The future of your business is literally in the hands of your customers and future prospects. They are in the driver’s seat, literally, holding all of the power in the palm of their hands - on their phone. That power is their ability to easily find what they are looking for from their smart phone.
Social media usage is skyrocketing, especially for women in the 50- to 65-year-old bracket. Combine the power of local search marketing and the usage and evolution of social media as a marketing tool and you get social local marketing.
In spite of your brand identity and value and the strength of your customer relationships, your customer has ready access to more and more choices all thanks to the power of local search marketing results and social media geographic and demographic advertising.
As I stated last month in this column, local search marketing is a game changer and those who are becoming masterful local marketers will enjoy more business. Add check-in social services such as Foursquare, for example, and you are on your way to becoming a local marketing ninja.
Word-of-mouth advertising has been replaced by world-of-mouth marketing, thanks to Facebook and other social media. According to one study, Gen X/Yers consider email to be passe for communication. Colleges are moving from student email accounts to social media to communicate.
Scary and very promising, all at once. Scary if you ignore local marketing tools such as Google Places, Yahoo Local, Bing and a slew of others. Of course, top-of-mind awareness comes from a complete marketing and customer-centric strategy and compelling perceived value. That will never change. It will always be about communicating effectively.
You do not even really need a website for your business to participate in local search marketing. Businesses have done quite well in dominating their local market long before Al Gore invented the Internet. It’s all about being found on the map and interacting with a prospect from their phone. Of course, a website is, indeed, very important for local small businesses. If you don’t have one you are simply not serious about your business.

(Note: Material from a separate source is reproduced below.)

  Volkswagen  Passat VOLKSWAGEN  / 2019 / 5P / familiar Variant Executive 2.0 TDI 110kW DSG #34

At one time, not so long ago, a small business relied on Yellow Page advertising as its primary local marketing strategy. This was true for many of the headings in the Yellow Pages but with the emergence, or explosion, of smart phones and geography-driven keyword searches on the Internet, small businesses have a new, powerful tool to enhance their local marketing success.

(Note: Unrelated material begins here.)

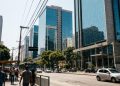 O DINHEIRO PÚBLICO PAGA A CONTA, ENQUANTO ÓRGÃOS PÚBLICOS OCUPAM IMÓVEIS MILIONÁRIOS SEM EXPLICAR O CUSTO REAL.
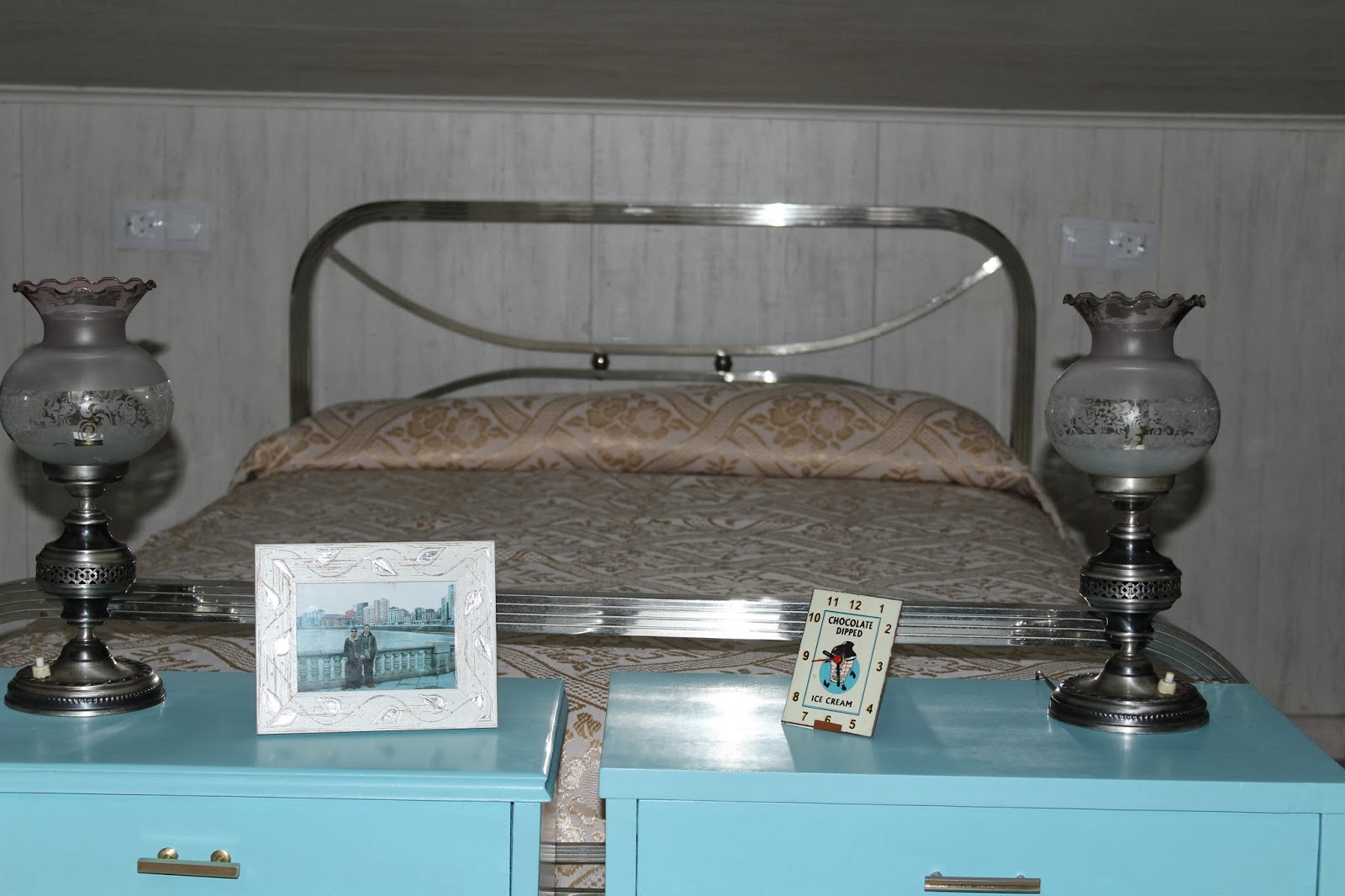 Gloria Vintage: Mesillas de formica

With a focus on local marketing, and on local search marketing as a unique strategy, let me ask you this: are you marketing to mobile moms on the move? You should be. Five thousand moms can’t be wrong! According to a recent www.babycenter.com study of mobile moms using smartphones, motherhood triggers online local searches and the shopping begins.
They have control of the money and moms make most of the purchase decisions anyway, right from their smart phone. You see, mobile moms have been identified as the fastest growing and largest population of smart phone users, growing more than 64 percent last year, and almost one half of all searches they make from their phone results in a purchase at a brick-and-mortar store.

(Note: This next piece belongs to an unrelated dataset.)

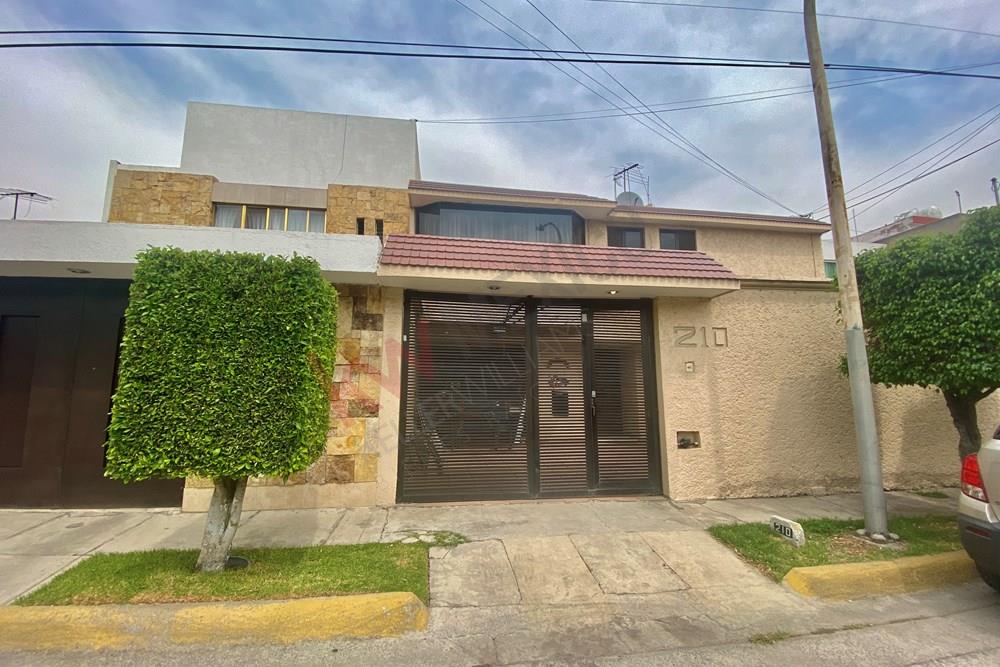Casa en Renta en Echagaray, Naucalpan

They are buying pizza, clothing, contractor services, fuel oil, new cars, setting appointments, you name it. When they search your keywords, you had better appear on their radar screen (Google Maps and others).
The two looming challenges emerge: How to do you reach moms (and others), and then how do you lead them to make a purchase at your business using a local search strategy?
1. Extend your company’s brand experience onto their smart phone by including a few short videos, which can differentiate you in local search, with a video icon on the map. Like it or not, it’s time for you to be on Youtube. Video should be 2-4 minutes in length. Add a few photos as well.
2. Boost your local search presence with offers and promotions, and special ads (tags), which differentiate you and show up on check-in social sites. Mobile moms respond well to coupons that appear on their phone while they are in or near your business. Tags show up on search engine maps.
3. Manage your reputation and gather an abundance of reviews from trusted sources. Recommendations and reviews by peers, showing up on Google Social and other sites, are more highly trusted than advertising messages.
Ask customers to write reviews for your business. (Contact me for a form letter you can distribute). You can rebut negative reviews and you should do so, but carefully.
4. Make a strong connection with customers. Yes, there is an app for that. Compete against the big companies with your own mobile phone application. Engage your customers and build a community of users.
Believe it or not, you can easily create a downloadable app for your business to extend private offers, communicate and build your brand via their smart phone. If you can use Powerpoint, with the Mobiflex tool (www.mobiflexinc.com ) you can create your own custom app - without costly development. Trust me, you need to look into creating your own mobile app.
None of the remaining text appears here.